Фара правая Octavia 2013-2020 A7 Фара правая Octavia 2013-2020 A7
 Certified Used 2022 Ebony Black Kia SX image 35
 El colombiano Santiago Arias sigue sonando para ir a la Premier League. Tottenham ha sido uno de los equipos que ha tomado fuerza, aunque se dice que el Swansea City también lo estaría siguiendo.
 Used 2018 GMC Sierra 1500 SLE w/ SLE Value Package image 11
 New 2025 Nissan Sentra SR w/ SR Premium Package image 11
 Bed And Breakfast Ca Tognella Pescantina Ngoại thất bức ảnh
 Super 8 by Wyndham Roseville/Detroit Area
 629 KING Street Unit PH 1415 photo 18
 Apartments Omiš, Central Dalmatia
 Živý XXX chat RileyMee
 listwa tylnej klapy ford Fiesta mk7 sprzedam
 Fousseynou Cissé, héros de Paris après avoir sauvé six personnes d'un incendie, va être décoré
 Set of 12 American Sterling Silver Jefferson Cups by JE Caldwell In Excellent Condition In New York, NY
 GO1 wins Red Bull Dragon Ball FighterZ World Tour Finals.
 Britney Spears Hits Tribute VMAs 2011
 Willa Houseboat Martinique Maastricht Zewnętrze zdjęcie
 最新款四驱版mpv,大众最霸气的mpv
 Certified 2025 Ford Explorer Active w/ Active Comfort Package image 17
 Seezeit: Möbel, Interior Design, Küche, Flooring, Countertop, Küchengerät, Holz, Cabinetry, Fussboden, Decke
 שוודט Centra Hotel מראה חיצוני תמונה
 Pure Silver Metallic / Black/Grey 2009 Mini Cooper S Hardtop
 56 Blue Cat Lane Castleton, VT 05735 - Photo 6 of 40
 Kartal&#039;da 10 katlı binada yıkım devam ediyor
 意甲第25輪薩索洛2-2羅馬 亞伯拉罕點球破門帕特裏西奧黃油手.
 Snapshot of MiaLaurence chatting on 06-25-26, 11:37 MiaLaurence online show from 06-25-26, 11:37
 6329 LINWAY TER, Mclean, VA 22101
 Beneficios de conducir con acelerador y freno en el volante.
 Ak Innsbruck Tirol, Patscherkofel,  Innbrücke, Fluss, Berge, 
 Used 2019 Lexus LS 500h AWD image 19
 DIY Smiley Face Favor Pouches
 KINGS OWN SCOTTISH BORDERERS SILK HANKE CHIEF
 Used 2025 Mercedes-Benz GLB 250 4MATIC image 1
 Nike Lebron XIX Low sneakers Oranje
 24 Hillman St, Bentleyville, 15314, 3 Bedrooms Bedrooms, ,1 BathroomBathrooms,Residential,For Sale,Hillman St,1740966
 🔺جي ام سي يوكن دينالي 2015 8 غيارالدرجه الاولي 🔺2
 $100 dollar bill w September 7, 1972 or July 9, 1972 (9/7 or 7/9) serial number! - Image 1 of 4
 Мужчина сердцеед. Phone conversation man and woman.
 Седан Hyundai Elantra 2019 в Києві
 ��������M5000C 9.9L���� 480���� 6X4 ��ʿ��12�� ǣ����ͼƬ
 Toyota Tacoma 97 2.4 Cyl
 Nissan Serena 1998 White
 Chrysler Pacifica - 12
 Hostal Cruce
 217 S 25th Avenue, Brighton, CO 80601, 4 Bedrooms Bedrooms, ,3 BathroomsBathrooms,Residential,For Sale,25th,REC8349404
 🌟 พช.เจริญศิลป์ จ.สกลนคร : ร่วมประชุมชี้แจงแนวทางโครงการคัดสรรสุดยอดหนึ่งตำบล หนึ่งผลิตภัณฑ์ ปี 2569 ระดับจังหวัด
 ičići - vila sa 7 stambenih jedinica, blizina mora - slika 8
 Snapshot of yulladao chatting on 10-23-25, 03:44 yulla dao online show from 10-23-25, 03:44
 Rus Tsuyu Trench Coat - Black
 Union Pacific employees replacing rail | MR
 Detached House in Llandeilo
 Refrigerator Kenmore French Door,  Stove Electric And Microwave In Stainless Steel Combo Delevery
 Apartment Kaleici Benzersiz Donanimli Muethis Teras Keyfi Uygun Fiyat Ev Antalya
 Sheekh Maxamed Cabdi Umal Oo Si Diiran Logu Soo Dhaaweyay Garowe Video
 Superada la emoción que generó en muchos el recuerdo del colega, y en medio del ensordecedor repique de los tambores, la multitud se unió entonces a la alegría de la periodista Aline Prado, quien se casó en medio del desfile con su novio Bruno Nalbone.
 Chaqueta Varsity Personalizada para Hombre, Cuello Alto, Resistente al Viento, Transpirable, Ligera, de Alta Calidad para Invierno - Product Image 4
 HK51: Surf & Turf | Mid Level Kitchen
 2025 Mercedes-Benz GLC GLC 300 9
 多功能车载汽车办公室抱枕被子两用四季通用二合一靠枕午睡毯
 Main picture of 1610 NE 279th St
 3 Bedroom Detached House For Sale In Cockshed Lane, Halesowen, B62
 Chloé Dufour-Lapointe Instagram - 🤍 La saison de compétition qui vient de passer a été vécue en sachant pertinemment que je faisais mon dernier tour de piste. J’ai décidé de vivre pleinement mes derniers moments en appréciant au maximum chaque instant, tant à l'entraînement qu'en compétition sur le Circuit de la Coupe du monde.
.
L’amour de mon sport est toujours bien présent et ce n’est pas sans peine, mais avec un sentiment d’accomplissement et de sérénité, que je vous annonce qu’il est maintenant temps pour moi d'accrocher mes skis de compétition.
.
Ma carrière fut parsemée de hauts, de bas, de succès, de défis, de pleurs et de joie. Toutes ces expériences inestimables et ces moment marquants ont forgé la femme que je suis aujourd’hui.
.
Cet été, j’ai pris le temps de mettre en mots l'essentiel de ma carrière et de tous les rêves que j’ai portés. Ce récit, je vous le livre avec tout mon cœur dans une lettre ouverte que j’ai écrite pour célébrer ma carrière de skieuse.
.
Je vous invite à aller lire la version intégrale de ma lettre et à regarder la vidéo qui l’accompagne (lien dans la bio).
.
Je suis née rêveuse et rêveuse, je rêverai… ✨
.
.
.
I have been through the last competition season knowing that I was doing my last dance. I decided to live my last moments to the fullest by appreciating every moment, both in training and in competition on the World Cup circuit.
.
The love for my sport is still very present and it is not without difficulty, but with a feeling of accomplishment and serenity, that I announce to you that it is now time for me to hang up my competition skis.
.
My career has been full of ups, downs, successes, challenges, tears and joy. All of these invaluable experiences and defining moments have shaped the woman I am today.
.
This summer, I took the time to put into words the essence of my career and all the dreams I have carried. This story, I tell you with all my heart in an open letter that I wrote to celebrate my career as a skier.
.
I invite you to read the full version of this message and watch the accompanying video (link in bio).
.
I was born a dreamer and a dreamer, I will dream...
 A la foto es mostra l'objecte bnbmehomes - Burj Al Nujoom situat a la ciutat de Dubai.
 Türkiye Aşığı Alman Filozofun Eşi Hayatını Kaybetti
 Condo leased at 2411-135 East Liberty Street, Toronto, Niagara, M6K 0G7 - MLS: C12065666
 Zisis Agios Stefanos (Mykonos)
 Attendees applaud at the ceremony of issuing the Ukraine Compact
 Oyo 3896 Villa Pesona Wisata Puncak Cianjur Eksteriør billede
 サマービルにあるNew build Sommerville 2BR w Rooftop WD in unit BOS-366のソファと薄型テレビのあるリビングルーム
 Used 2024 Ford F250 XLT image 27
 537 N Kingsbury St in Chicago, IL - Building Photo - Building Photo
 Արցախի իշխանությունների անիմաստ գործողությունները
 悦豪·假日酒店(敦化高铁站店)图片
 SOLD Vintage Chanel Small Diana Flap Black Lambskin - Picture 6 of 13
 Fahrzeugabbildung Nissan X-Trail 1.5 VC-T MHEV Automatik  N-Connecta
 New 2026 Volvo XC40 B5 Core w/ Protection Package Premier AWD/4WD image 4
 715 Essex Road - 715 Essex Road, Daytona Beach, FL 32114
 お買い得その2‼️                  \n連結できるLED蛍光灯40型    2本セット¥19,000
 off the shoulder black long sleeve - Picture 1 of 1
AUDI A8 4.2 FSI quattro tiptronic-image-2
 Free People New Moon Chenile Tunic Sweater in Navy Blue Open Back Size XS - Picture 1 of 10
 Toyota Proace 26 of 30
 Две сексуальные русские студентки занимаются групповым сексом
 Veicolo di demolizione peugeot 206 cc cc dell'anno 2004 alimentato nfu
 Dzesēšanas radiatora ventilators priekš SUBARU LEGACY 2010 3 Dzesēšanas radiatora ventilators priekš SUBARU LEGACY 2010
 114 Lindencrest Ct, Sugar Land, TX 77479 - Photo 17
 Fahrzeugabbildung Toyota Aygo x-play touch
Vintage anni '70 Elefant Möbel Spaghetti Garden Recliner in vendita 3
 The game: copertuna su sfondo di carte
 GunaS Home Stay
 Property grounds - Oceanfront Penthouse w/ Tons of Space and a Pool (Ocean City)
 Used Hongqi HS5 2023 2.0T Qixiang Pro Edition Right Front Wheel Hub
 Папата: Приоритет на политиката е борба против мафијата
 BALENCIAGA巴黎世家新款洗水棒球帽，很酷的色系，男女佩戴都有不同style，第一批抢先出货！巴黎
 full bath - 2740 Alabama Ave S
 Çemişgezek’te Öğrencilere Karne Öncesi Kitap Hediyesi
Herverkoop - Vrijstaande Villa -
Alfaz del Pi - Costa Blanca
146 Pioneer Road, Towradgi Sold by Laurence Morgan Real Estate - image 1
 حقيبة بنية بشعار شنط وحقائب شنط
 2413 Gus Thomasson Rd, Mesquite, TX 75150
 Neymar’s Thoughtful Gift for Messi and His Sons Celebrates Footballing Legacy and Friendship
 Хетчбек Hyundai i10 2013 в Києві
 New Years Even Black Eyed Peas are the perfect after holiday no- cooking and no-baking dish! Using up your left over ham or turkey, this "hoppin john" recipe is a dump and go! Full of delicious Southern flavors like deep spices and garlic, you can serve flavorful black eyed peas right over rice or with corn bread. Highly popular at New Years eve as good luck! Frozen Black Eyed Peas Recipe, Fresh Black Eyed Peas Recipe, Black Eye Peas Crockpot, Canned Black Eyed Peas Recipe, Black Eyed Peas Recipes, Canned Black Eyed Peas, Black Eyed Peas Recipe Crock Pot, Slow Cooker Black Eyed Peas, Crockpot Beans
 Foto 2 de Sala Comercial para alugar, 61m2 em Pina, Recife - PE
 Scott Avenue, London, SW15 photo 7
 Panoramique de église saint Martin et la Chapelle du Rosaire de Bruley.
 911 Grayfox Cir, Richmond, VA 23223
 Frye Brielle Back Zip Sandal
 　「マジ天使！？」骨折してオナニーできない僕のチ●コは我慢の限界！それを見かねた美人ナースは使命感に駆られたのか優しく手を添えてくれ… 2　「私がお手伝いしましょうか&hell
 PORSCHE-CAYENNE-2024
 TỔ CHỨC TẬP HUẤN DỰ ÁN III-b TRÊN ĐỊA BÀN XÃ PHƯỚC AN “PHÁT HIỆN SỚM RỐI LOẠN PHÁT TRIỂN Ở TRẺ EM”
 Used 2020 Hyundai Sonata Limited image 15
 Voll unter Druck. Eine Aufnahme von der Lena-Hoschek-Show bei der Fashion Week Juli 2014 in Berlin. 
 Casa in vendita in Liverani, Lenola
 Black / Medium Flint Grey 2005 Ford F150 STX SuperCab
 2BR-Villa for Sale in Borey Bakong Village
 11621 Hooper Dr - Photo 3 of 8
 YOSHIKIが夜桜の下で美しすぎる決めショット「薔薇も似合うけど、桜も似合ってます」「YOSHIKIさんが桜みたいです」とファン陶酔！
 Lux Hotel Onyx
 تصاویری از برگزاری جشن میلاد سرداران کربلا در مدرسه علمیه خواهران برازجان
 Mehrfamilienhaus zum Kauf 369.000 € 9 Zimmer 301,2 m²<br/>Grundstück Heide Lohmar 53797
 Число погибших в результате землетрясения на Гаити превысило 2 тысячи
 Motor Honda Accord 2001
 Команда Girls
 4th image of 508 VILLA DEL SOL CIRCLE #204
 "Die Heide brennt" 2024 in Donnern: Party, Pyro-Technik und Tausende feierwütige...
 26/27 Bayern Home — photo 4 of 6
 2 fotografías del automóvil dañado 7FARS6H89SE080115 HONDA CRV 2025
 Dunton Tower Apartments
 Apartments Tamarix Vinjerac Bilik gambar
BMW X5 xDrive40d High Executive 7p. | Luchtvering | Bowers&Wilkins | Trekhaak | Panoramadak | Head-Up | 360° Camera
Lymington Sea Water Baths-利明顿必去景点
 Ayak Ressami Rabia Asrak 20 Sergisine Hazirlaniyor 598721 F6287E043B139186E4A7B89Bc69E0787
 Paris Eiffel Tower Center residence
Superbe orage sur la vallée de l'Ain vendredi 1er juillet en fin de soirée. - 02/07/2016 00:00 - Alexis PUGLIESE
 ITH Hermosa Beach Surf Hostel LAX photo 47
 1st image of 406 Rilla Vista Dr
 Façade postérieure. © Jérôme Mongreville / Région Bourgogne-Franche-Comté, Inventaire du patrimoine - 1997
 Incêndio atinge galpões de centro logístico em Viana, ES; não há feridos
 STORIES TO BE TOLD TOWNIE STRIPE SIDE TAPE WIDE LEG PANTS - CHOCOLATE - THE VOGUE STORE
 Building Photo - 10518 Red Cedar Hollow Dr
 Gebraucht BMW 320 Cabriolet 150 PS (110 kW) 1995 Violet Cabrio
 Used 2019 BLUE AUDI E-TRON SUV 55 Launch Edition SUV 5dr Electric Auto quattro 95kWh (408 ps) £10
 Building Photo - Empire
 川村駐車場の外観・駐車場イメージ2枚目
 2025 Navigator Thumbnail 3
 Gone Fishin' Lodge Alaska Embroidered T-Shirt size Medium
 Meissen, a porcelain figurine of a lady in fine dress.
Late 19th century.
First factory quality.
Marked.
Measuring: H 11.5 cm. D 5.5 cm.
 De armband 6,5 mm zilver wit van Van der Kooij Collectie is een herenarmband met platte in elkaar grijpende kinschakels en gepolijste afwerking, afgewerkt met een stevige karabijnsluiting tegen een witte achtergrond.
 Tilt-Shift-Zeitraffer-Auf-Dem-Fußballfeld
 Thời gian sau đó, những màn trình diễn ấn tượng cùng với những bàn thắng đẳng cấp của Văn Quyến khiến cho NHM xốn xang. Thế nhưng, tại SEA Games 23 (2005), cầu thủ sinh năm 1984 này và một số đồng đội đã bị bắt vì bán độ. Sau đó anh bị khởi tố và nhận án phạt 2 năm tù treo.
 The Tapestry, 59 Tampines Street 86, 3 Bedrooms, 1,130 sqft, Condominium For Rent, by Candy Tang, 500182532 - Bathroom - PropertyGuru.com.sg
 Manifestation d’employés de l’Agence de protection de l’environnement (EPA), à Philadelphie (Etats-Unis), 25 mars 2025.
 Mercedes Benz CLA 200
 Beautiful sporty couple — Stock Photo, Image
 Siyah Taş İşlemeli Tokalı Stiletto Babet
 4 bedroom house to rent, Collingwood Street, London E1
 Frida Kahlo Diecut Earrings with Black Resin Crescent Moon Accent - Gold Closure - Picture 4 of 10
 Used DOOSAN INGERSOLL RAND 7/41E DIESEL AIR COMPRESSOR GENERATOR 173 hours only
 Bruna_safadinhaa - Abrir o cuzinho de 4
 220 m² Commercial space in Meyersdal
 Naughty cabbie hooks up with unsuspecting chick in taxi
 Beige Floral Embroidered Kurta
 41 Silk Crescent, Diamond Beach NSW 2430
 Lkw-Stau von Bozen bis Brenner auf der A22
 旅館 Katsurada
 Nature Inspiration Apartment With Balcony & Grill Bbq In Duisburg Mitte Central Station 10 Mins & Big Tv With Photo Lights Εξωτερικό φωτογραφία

— Try it —
Search the listing above for the lines with "Black / Medium" and "Incêndio atinge galpões", then output those lines and all lines between them exactly.

— Finished exercise —
 Black / Medium Flint Grey 2005 Ford F150 STX SuperCab
 2BR-Villa for Sale in Borey Bakong Village
 11621 Hooper Dr - Photo 3 of 8
 YOSHIKIが夜桜の下で美しすぎる決めショット「薔薇も似合うけど、桜も似合ってます」「YOSHIKIさんが桜みたいです」とファン陶酔！
 Lux Hotel Onyx
 تصاویری از برگزاری جشن میلاد سرداران کربلا در مدرسه علمیه خواهران برازجان
 Mehrfamilienhaus zum Kauf 369.000 € 9 Zimmer 301,2 m²<br/>Grundstück Heide Lohmar 53797
 Число погибших в результате землетрясения на Гаити превысило 2 тысячи
 Motor Honda Accord 2001
 Команда Girls
 4th image of 508 VILLA DEL SOL CIRCLE #204
 "Die Heide brennt" 2024 in Donnern: Party, Pyro-Technik und Tausende feierwütige...
 26/27 Bayern Home — photo 4 of 6
 2 fotografías del automóvil dañado 7FARS6H89SE080115 HONDA CRV 2025
 Dunton Tower Apartments
 Apartments Tamarix Vinjerac Bilik gambar
BMW X5 xDrive40d High Executive 7p. | Luchtvering | Bowers&Wilkins | Trekhaak | Panoramadak | Head-Up | 360° Camera
Lymington Sea Water Baths-利明顿必去景点
 Ayak Ressami Rabia Asrak 20 Sergisine Hazirlaniyor 598721 F6287E043B139186E4A7B89Bc69E0787
 Paris Eiffel Tower Center residence
Superbe orage sur la vallée de l'Ain vendredi 1er juillet en fin de soirée. - 02/07/2016 00:00 - Alexis PUGLIESE
 ITH Hermosa Beach Surf Hostel LAX photo 47
 1st image of 406 Rilla Vista Dr
 Façade postérieure. © Jérôme Mongreville / Région Bourgogne-Franche-Comté, Inventaire du patrimoine - 1997
 Incêndio atinge galpões de centro logístico em Viana, ES; não há feridos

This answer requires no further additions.